Dairy food from cattle and goats can relieve the hardening of arteries caused by excessive meat consumption and replenish antioxidants, probiotics, and various nutrients, it noted.
The research pointed out that in prehistoric times, dairy products could have been the daily food of the pastoral communities on the Tibetan Plateau.
"However, no direct evidence of dairy products during prehistoric times has yet been found in the high-elevation areas of the Tibetan Plateau, except for some clues from visible food remains," it said.
The latest discovery was made at the Gongthang Ruin site, which is located 4,000 meters above sea level on the left bank of one of the tributaries of the Yarlung Zangbo River.
The dating results of plant remains indicated that the site dates back to 3,000 years ago. The researchers also discovered pottery pieces at the site and analyzed six of them for lipid residues.
"We found that three of the pottery pieces have dairy residues," said Zhang Yunan, a researcher at ITP.
Through technical analysis, we also confirmed that the date of the three pieces is consistent with the archaeological site, proving that the pottery was indeed used by the inhabitants of the time, Zhang added.
The research pointed out that in contrast to primary animal products such as meat and blood which can be extracted only once in the lifetime of an animal, secondary animal products are defined as those which can be exploited without slaughtering animals such as milk and wool.

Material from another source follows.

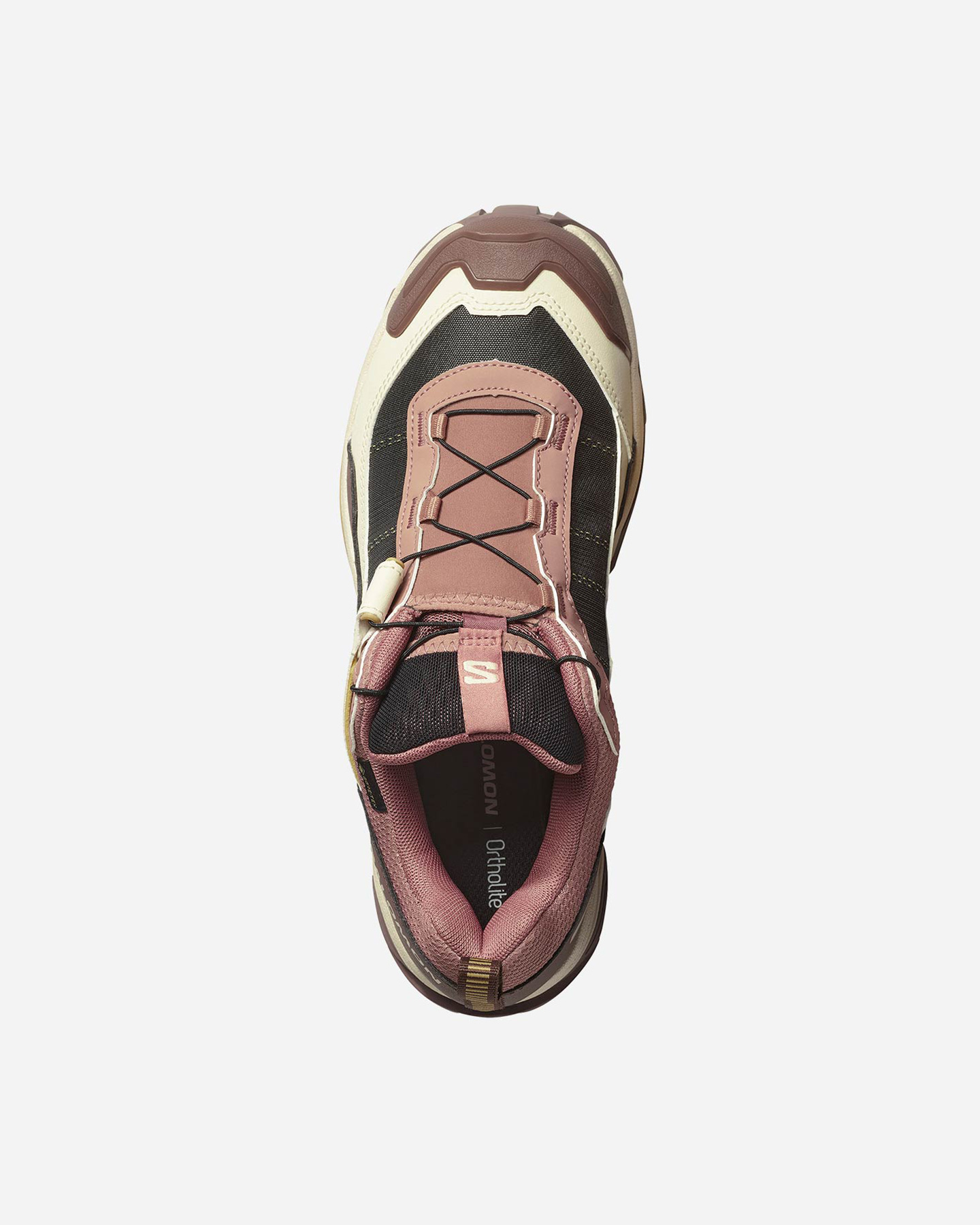 Scarpe trail SALOMON X ULTRA 5 GTX W - Rosa - 5 | Cisalfa Sport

According to Yang Xiaoyan, a professor at Lanzhou University, the time of the milk residue at Gongthang Ruin coincided with the domestication of herbivores, agriculture, and animal husbandry at the Qugong archaeological site in Lhasa and the Bangga site in Shannan.
"It may imply that the development of milk as a secondary product occurred at the same time as the utilization of primary animal products on the Tibetan Plateau," she said.